Wednesday, February 9, 2011

Broadway Junction


I spend a lot of time at the Broadway Junction subway station waiting for the J train. It is cold on the platform, so I usually wait upstairs where windows look out over the L platform and beyond. To me it looks like the country.


I am sure that anyone else would just see a cemetery near a gas station. Looking at the picture, this is what I see too. And yet, I keep expecting to see a horse and cart, carrying cut trees no less, rolling up that hill. I decided that the cemetery needed investigation.

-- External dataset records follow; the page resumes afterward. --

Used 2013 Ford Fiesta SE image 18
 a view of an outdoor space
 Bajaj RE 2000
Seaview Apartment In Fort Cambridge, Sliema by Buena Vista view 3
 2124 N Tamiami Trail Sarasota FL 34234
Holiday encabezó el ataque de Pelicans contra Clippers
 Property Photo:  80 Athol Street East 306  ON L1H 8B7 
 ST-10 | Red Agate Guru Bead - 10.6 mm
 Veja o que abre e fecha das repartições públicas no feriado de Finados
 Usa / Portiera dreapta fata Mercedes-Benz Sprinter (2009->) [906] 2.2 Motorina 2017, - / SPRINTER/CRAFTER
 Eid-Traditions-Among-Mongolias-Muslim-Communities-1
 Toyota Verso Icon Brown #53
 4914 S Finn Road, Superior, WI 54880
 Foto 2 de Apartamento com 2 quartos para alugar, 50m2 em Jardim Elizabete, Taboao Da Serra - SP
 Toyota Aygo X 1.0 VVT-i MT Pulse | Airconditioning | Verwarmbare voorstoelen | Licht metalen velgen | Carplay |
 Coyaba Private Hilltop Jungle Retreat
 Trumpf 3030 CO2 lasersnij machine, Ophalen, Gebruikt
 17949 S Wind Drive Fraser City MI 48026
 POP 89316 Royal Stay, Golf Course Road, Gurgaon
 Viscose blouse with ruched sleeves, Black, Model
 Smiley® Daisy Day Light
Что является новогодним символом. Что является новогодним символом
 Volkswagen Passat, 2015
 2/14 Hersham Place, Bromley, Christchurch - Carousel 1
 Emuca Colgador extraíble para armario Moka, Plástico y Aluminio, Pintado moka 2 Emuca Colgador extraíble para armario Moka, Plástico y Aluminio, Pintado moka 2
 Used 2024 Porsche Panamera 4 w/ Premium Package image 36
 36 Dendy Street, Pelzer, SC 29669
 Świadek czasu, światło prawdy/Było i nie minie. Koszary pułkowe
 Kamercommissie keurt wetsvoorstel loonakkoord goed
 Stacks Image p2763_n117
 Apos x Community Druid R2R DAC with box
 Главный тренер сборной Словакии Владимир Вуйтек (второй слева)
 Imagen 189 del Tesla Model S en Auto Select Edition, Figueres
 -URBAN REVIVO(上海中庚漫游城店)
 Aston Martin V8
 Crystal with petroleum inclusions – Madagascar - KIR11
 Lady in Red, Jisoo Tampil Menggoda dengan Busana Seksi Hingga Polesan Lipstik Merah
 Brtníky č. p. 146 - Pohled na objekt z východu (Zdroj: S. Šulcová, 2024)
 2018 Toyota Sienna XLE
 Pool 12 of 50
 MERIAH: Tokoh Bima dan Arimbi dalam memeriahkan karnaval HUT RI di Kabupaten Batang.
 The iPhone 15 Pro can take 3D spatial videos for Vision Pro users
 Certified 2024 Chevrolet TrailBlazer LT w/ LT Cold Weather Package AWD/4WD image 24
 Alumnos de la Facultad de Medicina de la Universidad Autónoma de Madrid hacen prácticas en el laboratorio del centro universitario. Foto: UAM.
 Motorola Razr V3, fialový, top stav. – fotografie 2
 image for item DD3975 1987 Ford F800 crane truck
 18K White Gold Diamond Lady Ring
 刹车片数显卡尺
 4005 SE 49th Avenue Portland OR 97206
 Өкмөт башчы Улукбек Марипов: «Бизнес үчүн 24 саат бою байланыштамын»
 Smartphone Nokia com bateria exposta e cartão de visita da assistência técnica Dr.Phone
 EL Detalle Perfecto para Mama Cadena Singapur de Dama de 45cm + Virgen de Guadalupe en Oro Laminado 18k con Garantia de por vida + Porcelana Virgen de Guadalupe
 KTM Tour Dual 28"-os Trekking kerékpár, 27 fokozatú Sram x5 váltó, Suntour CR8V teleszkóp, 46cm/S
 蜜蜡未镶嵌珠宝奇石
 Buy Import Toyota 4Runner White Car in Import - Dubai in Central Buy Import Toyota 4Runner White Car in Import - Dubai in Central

A big problem with my new neighborhood, is that it is not familiar to me at all. I often feel lost, as if my inner compass is off. The streets below the Broadway Junction station are confusing and shrouded in elevated lines. I found myself on a shadowy street where cars were parked on the sidewalk, snow was black and unplowed, and the trees grew into the concertina wire. Soon I passed the Alabama Avenue subway station. The automated subway voice always seems to take a bit more pleasure saying that station name, with almost a southern drawl. I knew used the station to orient myself with the elevated lines as a guide to bring me back in the right direction.

  

I found the entrance to the cemetery. It was pretty bucolic, very calm.


I like cemeteries, I find them to be comforting rather than scary, especially the old ones. People have been living and dying for centuries.


The oldest tombstones are missing their names, worn away by time and weather. Streaked with moss, their old shapes seem almost cheerful.


On a hill I looked out and saw silver strip of water, Jamaica Bay and the Rockaways in the distance; what I have always referred to as 'the end of the world'. I felt even more disoriented, I do not know where I am in relation to the rest of the city.



I looked in the direction of Manhattan, and it felt so far away and it is not the view I am used to. Feeling a touch bereft, I picked my way through the muddy streets and past the bus stops back to the subway station.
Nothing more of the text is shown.